> _To do_
Give the entries below again, word for word, and leave out the images.

───── Data supplied ─────

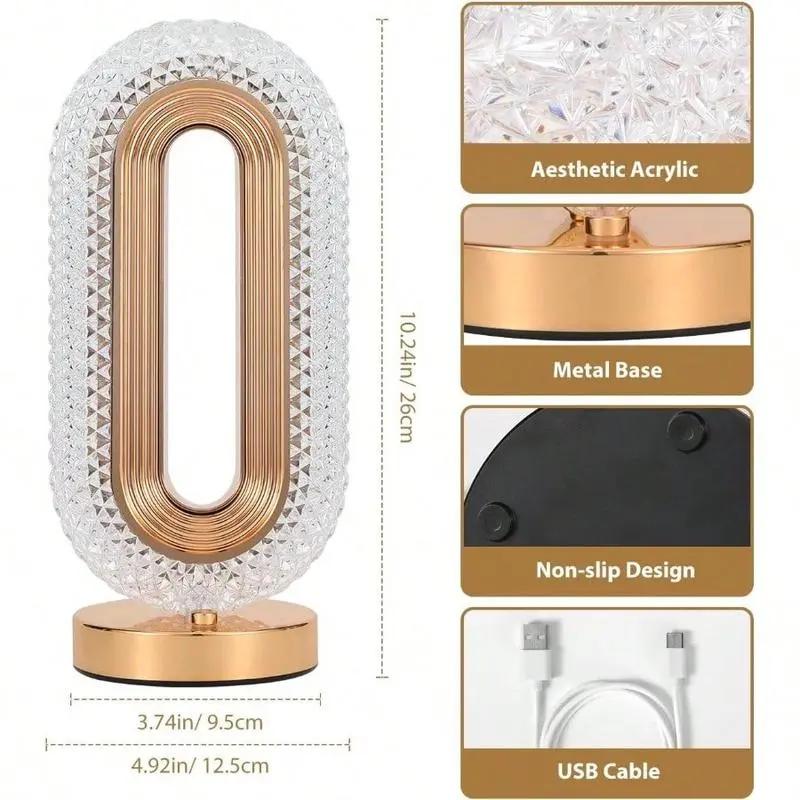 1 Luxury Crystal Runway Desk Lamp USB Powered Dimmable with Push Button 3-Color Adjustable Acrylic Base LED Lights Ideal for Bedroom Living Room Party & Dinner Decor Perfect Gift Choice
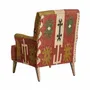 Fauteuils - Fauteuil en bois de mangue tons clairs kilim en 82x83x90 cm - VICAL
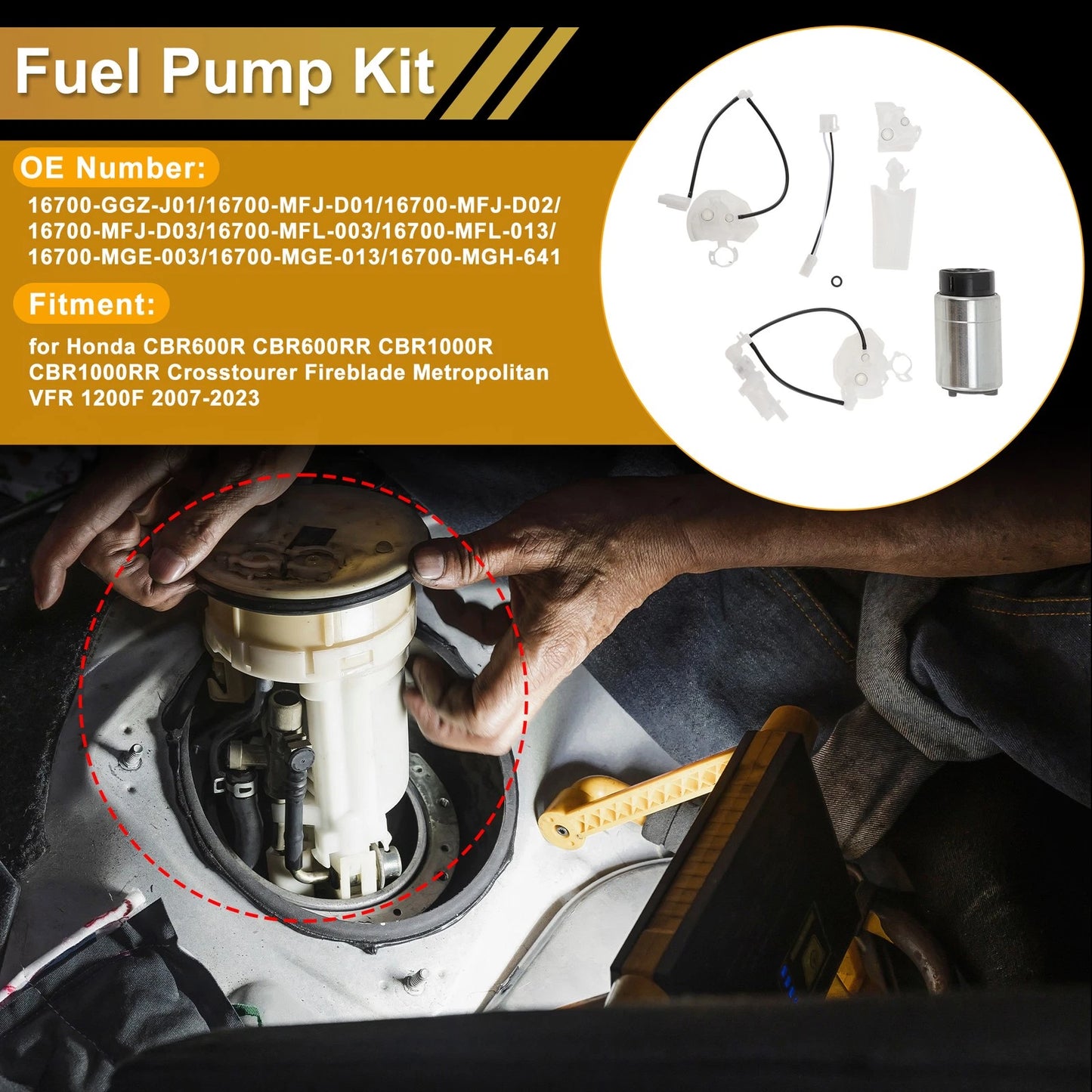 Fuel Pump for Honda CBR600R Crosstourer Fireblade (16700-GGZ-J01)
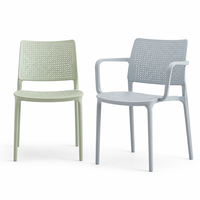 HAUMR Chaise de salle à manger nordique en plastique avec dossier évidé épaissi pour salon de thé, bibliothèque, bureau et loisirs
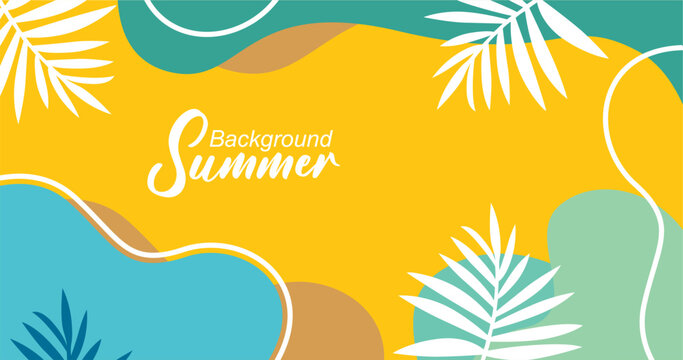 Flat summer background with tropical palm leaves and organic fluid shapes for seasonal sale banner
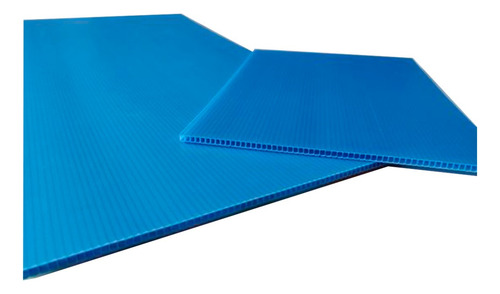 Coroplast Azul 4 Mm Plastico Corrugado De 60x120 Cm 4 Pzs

─────

> _Answer to the exercise_
 1 Luxury Crystal Runway Desk Lamp USB Powered Dimmable with Push Button 3-Color Adjustable Acrylic Base LED Lights Ideal for Bedroom Living Room Party & Dinner Decor Perfect Gift Choice
 Fauteuils - Fauteuil en bois de mangue tons clairs kilim en 82x83x90 cm - VICAL
 Fuel Pump for Honda CBR600R Crosstourer Fireblade (16700-GGZ-J01)
 HAUMR Chaise de salle à manger nordique en plastique avec dossier évidé épaissi pour salon de thé, bibliothèque, bureau et loisirs
 Flat summer background with tropical palm leaves and organic fluid shapes for seasonal sale banner
 Coroplast Azul 4 Mm Plastico Corrugado De 60x120 Cm 4 Pzs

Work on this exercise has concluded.